For Mike: Taking moments about P, (clockwise moments caused by Fm = anticlockwise moments caused by weight 500 N)
Fm x 1.5 = 500 x (1.10/2), hence force Fm can be found.
Similarly, Fp can be calculated.
johnlittlephysics said
at 9:30 pm on Jul 30, 2013
302 Li June: May I check if the principle of movements apply to all equilibrium,such as the unstable and neutral equilibrium?
johnlittlephysics said
at 9:31 pm on Jul 30, 2013
1. No.
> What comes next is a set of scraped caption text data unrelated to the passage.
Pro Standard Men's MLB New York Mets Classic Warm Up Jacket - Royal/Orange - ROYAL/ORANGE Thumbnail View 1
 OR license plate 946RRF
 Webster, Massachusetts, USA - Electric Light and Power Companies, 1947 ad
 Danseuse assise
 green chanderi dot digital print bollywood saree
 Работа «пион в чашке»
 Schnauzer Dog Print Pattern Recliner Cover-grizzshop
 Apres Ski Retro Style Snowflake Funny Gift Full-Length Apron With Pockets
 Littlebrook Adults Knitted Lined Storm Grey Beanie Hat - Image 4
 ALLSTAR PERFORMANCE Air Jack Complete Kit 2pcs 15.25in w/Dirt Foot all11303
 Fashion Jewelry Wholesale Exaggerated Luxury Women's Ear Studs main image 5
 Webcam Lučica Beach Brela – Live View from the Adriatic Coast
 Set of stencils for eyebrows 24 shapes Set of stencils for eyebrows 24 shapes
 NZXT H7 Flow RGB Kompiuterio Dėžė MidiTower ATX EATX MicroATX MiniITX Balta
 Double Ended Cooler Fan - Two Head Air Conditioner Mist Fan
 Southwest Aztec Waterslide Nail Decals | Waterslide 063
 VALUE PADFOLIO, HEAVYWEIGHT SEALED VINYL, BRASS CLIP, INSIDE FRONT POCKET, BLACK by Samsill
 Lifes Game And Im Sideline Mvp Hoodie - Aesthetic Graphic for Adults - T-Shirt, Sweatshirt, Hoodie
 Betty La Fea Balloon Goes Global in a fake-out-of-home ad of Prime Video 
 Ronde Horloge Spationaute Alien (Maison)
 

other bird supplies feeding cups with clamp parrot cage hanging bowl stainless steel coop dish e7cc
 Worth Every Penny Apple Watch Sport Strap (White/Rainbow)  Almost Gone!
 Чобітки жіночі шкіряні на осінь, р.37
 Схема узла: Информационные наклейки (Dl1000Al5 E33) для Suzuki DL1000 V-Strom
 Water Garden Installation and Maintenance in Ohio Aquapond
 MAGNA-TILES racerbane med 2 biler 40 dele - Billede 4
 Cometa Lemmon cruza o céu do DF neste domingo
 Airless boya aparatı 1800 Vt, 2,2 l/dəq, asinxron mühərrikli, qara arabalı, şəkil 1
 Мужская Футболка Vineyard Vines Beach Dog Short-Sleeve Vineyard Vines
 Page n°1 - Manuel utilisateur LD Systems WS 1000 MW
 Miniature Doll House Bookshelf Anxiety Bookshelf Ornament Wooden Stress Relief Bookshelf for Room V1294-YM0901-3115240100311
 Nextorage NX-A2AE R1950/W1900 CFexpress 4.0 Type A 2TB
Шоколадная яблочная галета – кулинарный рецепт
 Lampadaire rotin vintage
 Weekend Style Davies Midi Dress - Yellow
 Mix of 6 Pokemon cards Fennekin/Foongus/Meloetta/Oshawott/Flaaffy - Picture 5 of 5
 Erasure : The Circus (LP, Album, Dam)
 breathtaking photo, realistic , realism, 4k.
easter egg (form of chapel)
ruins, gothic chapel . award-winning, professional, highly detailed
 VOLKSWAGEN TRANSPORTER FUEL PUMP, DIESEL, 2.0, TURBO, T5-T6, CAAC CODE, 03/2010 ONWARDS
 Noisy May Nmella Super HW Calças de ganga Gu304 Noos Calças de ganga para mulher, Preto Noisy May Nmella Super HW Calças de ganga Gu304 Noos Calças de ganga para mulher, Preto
As the principle states, it is applicable only when an object is at equilibrium (at rest or moving at constant velocity).
Common cases are objects at rest or just about to rotate (or topple).
2. Stable, unstable and neutral equilibrium are terms used to compare the stability of objects in different positions, when given a small displacement.
johnlittlephysics said
at 9:33 pm on Jul 30, 2013
302 Wey Hsuan: How do you know whether an object will remain in its new position after being displaced or tilted?
johnlittlephysics said
at 9:39 pm on Jul 30, 2013
If an object does not remain in its new position, there must be a turning moment that causes it to rotate about a suitable pivot.
Refer to the mindmap of Moments in finding the turning moment of a force:
1. Locate the possible pivot P
2. Draw the force F on the object or its weight W
3. Check if the line of action of the force (or weight) passes through P.
4. If it does, no turning moment. If it doesn't, can determine d, the direction of moment, and hence direction of rotation.
johnlittlephysics said
at 6:04 pm on Sep 28, 2013
302 Celeste: How could I go about determining the position of the CG of an irregular lamina? Could you kindly use the question in EOY paper 2009 Q12 MCQ to explain it to me please?
johnlittlephysics said
at 6:12 pm on Sep 28, 2013
Generally, based on a given diagram,
1. use common lines of symmetry (vertical or horizontal line) to determine which half of the diagram the object has greater mass, so that the CG would lie in that half.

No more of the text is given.